▶ About this task
Restate the data below word for word, omitting pictures.

▶ Data extract
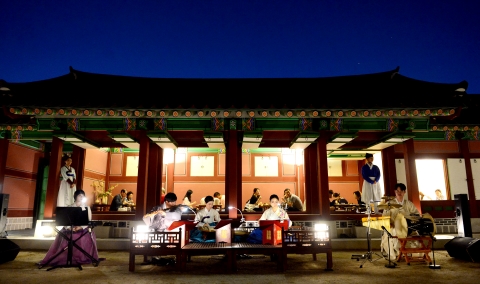 Gyeongbokgung tours bring flavor of Joseon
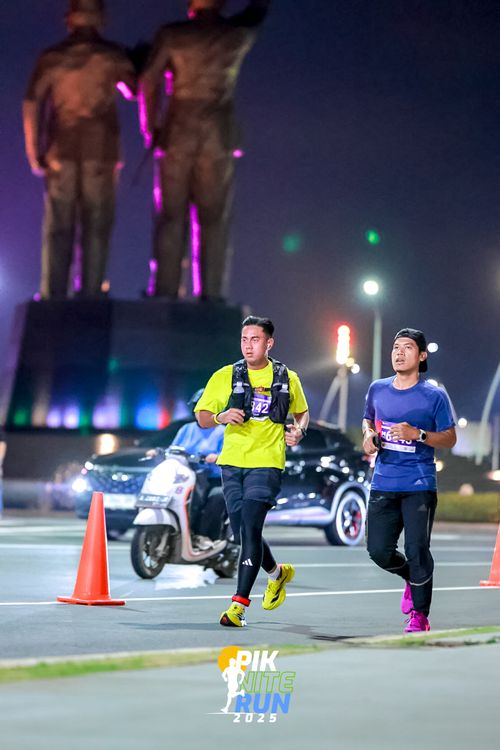 Race photo from PIK NITE RUN 2025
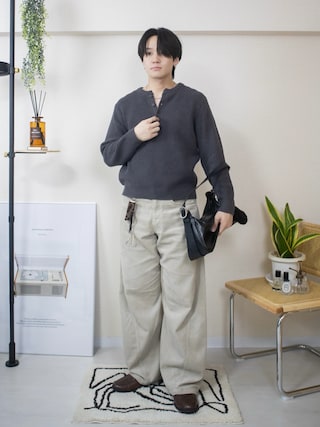 「WYM LIDNM(ウィム バイ リドム)のCURVED CORDUROY 5P PANTS(その他パンツ)」を使った、ともきさん(メンズ・168cm)の秋コーディネート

▶ Response
 Gyeongbokgung tours bring flavor of Joseon
 Race photo from PIK NITE RUN 2025
 「WYM LIDNM(ウィム バイ リドム)のCURVED CORDUROY 5P PANTS(その他パンツ)」を使った、ともきさん(メンズ・168cm)の秋コーディネート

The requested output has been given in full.